President Kais Saied’s move to suspend parliament and sack the government seems like a “pure power grab” and threatens democracy in Tunisia, according to the head of a UK-based research and advocacy group.
“Ousting the government, suspending parliament, and assuming certain judicial powers, really does endanger the once celebrated democracy seen in Tunisia after the Jasmine Revolution that led to former Zine El Abidine Ben Ali’s removal in January 2011,” Abdullah Faliq, managing director of the Cordoba Foundation, told Anadolu Agency.
Saied dismissed the government of Prime Minister Hichem Mechichi on July 25, suspended parliament, and assumed executive authority.
The move has been rejected by most of Tunisia’s parliamentary blocs, including the Ennahda movement, Heart of Tunisia, the Dignity Coalition, and the People’s Movement.
Rached Ghannouchi, speaker of Tunisia’s parliament, has described Saied’s plans as nothing but a “full-fledged coup.”
Faliq, who is also the executive director of the Center for British-Turkish Understanding, said the Tunisian president’s actions do “seem like a pure power grab opportunity.”
“People are speculating that Saied is using the crisis to impose a presidential system in Tunisia to limit the role of parliament. If that is his real intention, he should put it to a vote and let the people decide,” he added.
‘Similar to Egypt’s 2013 military coup’
According to Faliq, the Tunisian president’s move resembles the July 2013 power grab by Abdel-Fatah al-Sisi in Egypt, who removed the country’s first democratically elected President Mohamed Morsi.
“This certainly is developing into what looks like a coup, with the military by Saied’s side,” he said.
He pointed out that Sisi’s coup was followed by a brutal crackdown on elected members of parliament, the opposition, media, human rights groups, and anyone critical of the regime.
“The same seems to be unfolding in Tunisia now, with politicians barred from entering parliament and security forces raiding the offices of Al Jazeera in Tunis,” he said.
“In a civilized society, there are democratic and legal means to address issues such as corruption, economic problems, and the crippling effects of the COVID-19 pandemic,” he said, stressing that suspending parliament and shutting down the country is “not a solution.”
‘Future hangs in balance’
Immediately reinstating rule of law and democracy is essential if Tunisia is to avoid further fragmentation and a greater crisis, Faliq emphasized.

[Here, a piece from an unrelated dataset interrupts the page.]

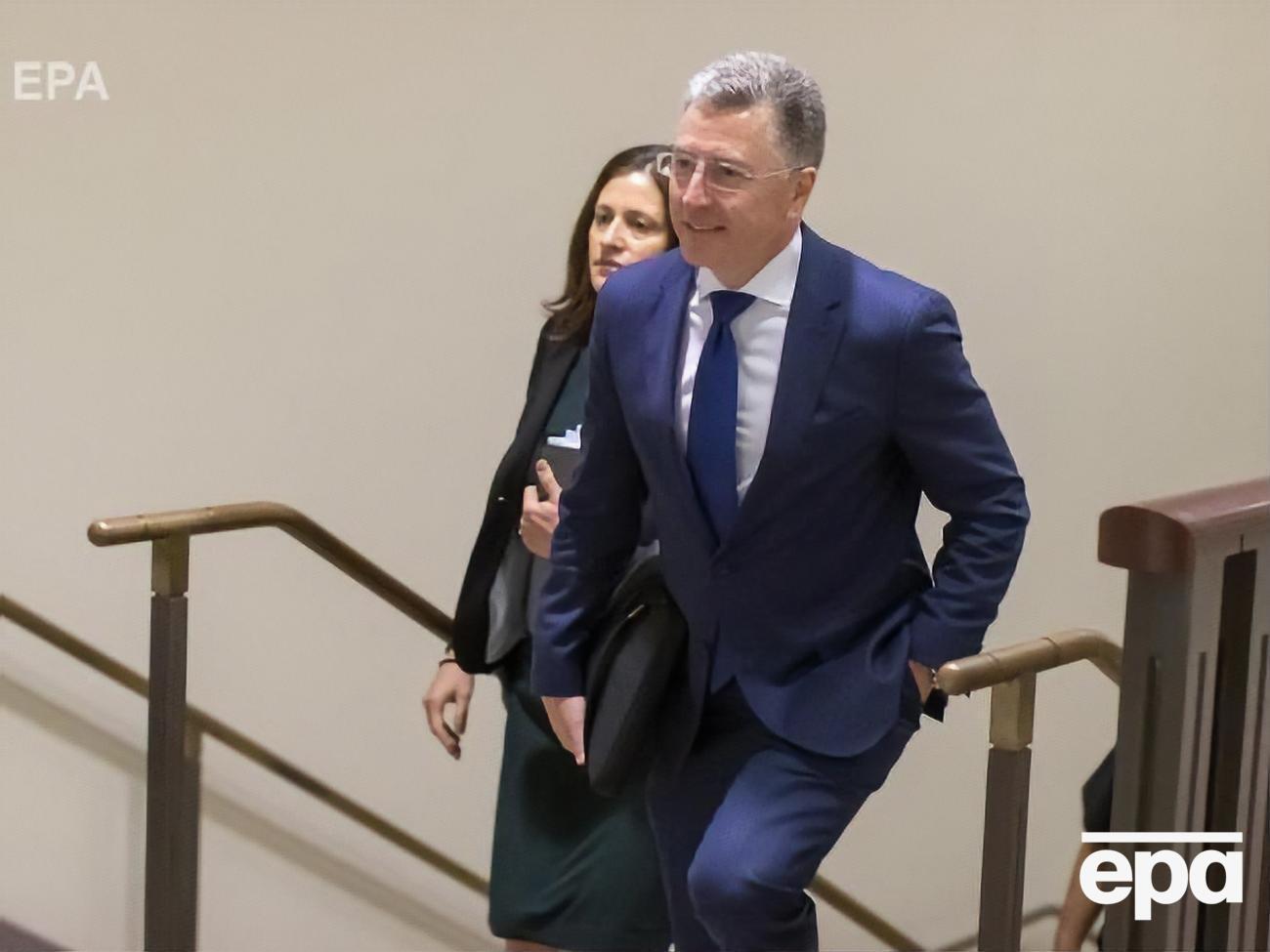 Волкер: Шокін не виконував своєї роботи генерального прокурора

“The disagreements over the country’s constitution need to be addressed and settled by a constitutional court, but that is yet to happen because of these ongoing disputes,” he said.

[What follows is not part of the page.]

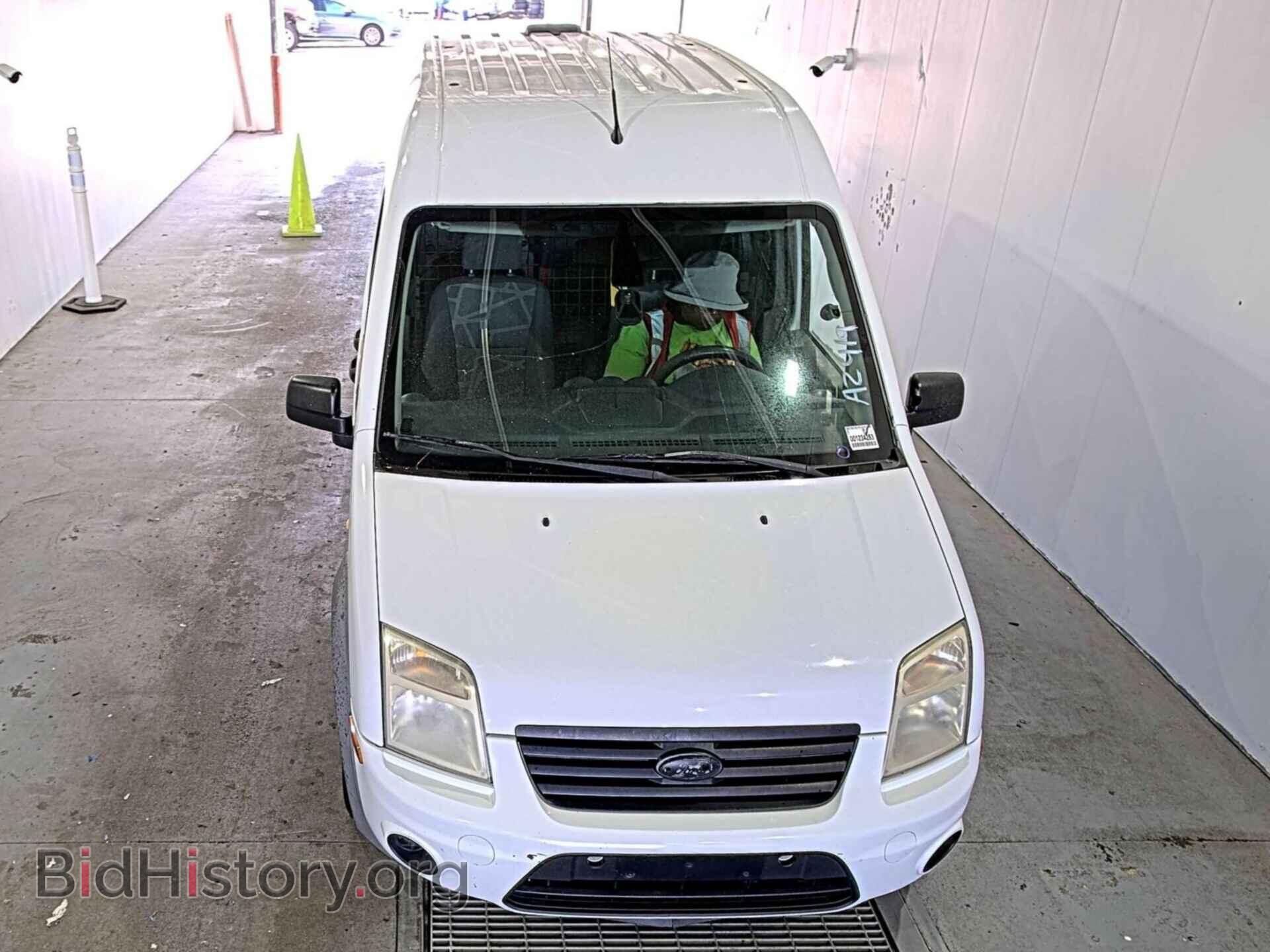 2012 FORD TRANSIT CONNECT - VIN: NM0LS7BN2CT104739 - Фото 12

He warned that violence being seen between the president’s supporters and opponents “could escalate out of control and plunge the country into a deeper crisis.”
“It is refreshing to see swift responses from the international community, such as the US expressing concern and calling for calm and voicing support for Tunisia’s efforts to move forward in line with democratic principles,” Faliq said.
“Whether President Saied’s listening is another thing. For now, the future of the once feted darling of the Arab Spring hangs in the balance.”